CCTV images can be seen on standard GSM phones
Home owners can watch the live pictures from their mobile and alert the police if someone is attempting a break-in.
The images can be seen on standard GSM mobiles, instead of sophisticated third generation (3G) video phones.
With homeowners becoming more concerned about property safety, more security companies are offering businesses and homes private CCTV systems.
Some use technology to allow people to log onto the net to check on images of their home already.
Many are planning to offer the ability to look at live moving pictures directly on mobiles, but CCTVSafe claim to be one of the "first in the world to offer this service".
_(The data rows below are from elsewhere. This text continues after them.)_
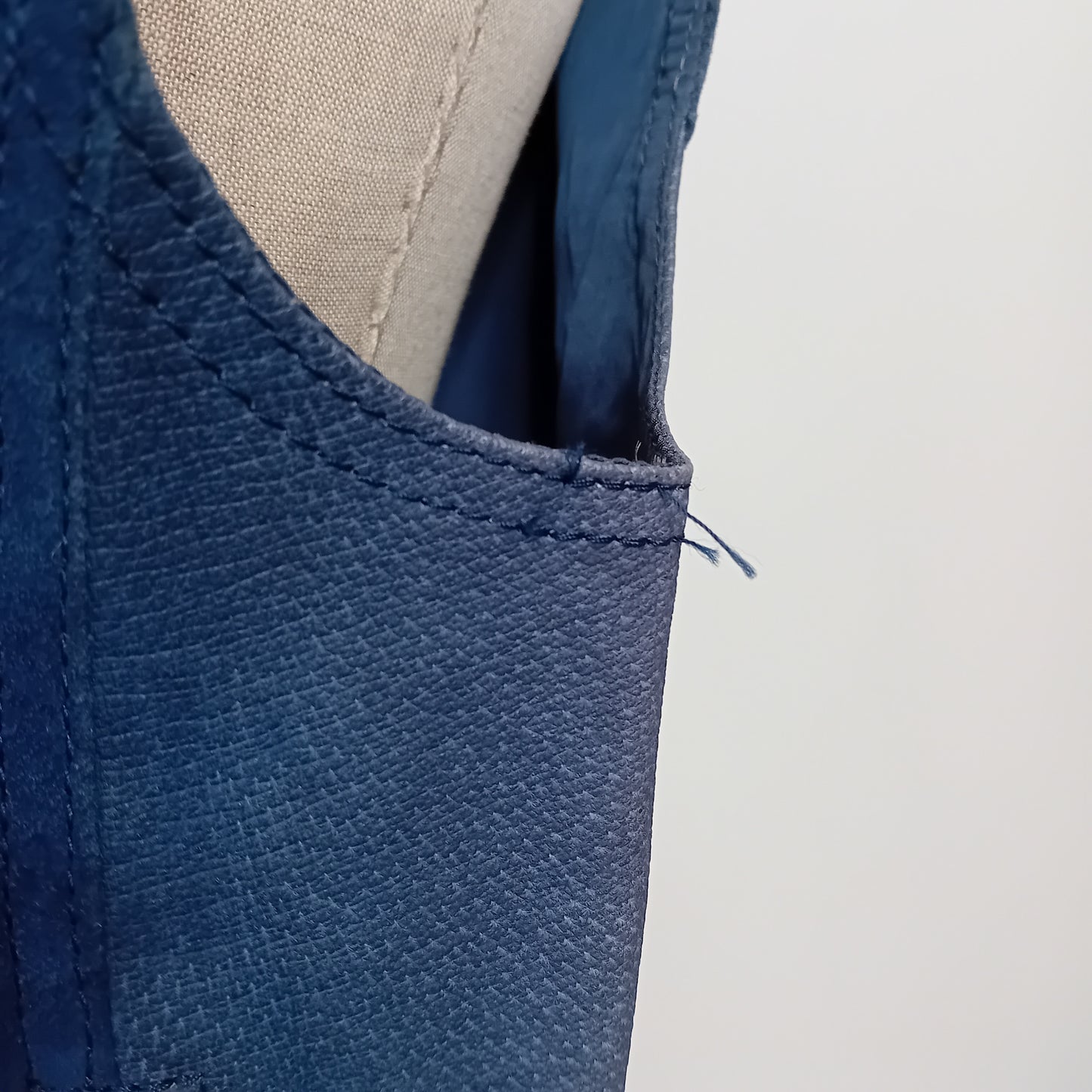 Gilet vintage in pelle blu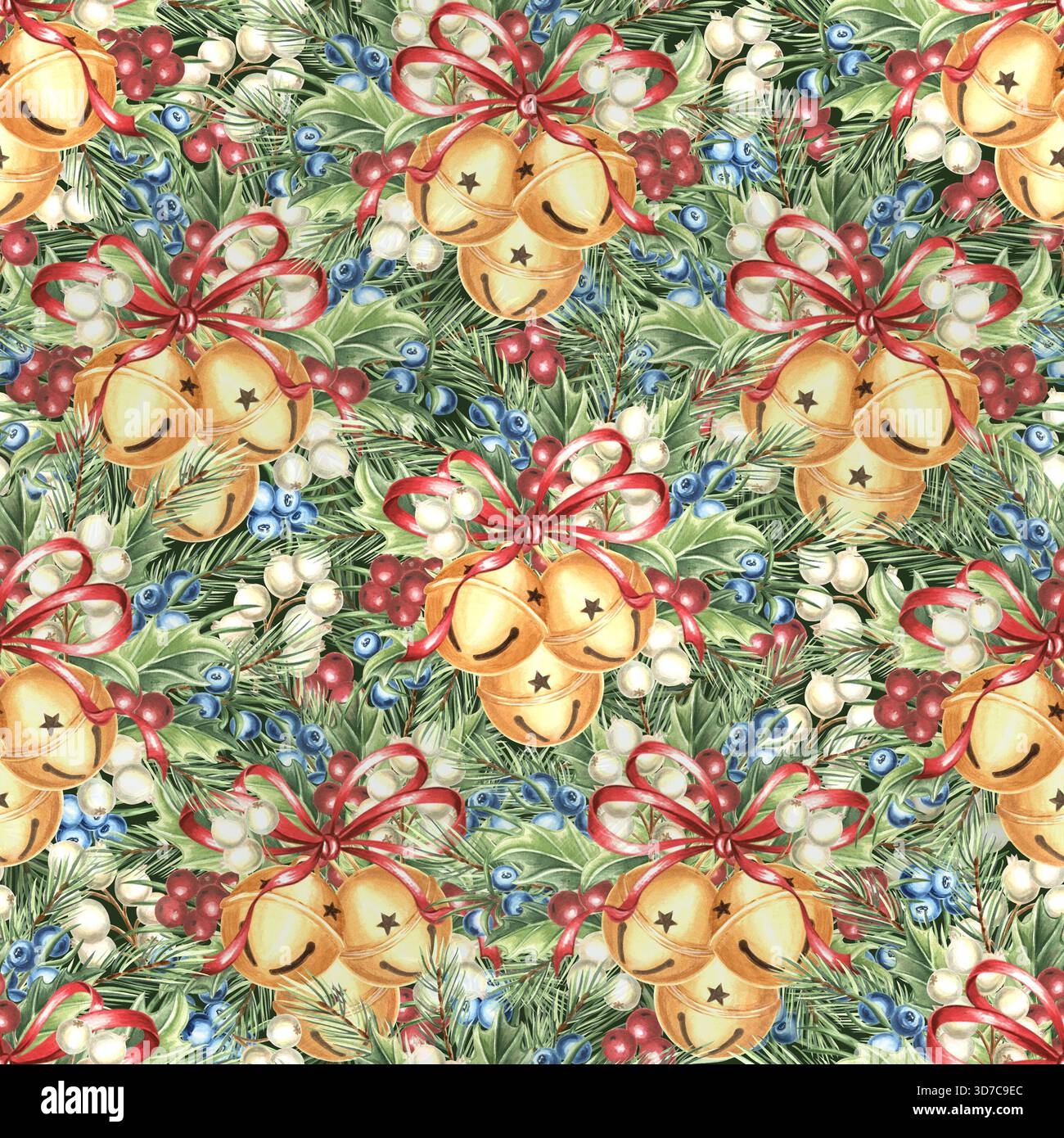 Campane rotonde dorate ad acquerello con fiocchi a nastro e frutti di bosco colorati motivo natalizio senza cuciture illustrazione disegnata a mano per le feste invernali Foto Stock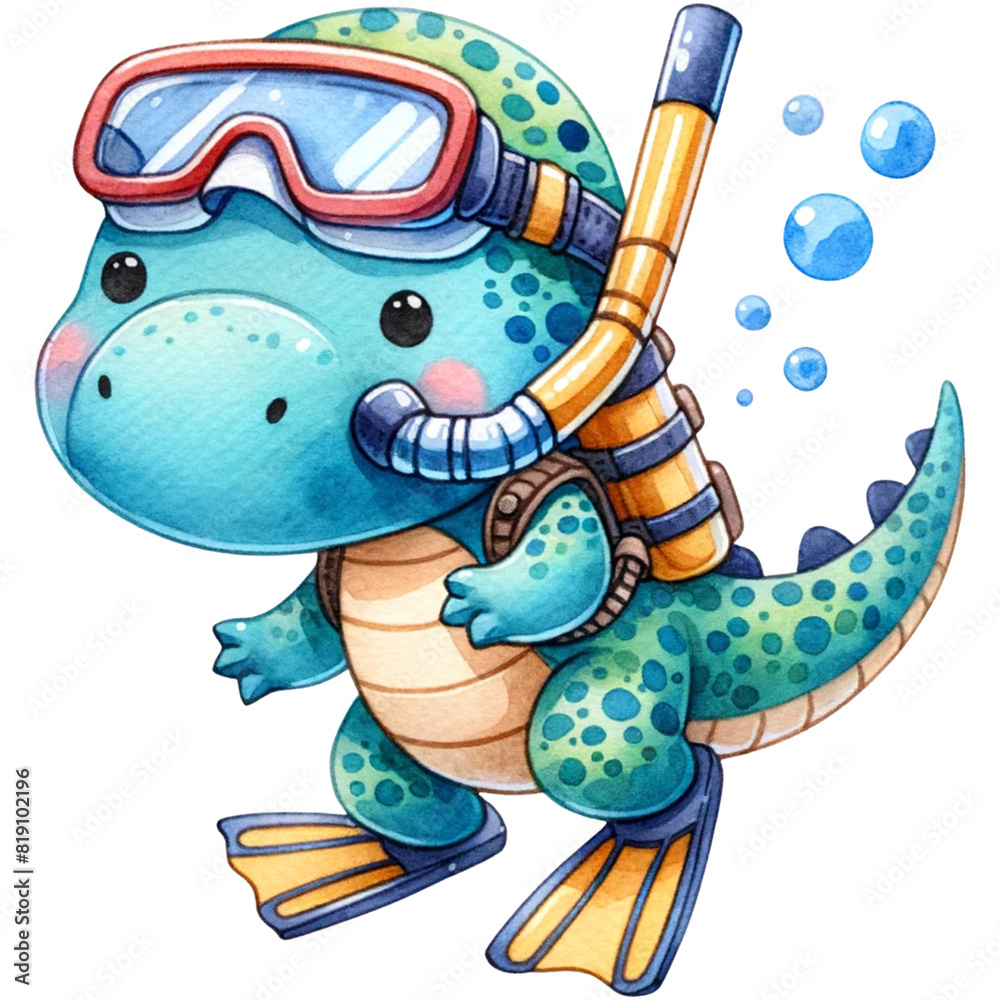 Wall mural cute scuba dinosaur, dinosaur lover,scuba clipart,watercolor clipart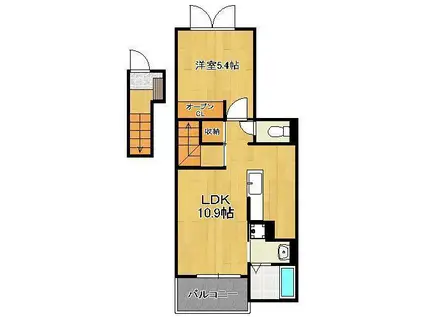 フレシール黒崎(1LDK/2階)の間取り写真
Paddy Guaghan saw what the man was doing from his mobile
"The box we sell links into any standard CCTV camera, but it transmits pictures to the mobile phone," CCTVSafe's Gerry Lawrence told BBC News Online.
The images are taken using any standard, private CCTV camera plugged into a server.
The server has a built-in motion detector, so if there is any movement, pictures are uploaded over the net to central storage servers.
The video images can then be sent to the owner's mobile over ordinary mobile networks, and viewed from anywhere.
One company which installed the system almost foiled an attempted break-in after they received an alert. The company director watched the events unfold live on his phone.
"I was out shopping when I got the alert on my mobile phone," explained Paddy Guaghan.
"I was amazed to see this guy trying to break into my office right in front of my eyes."
The man left without going through with the attempt to get into the building.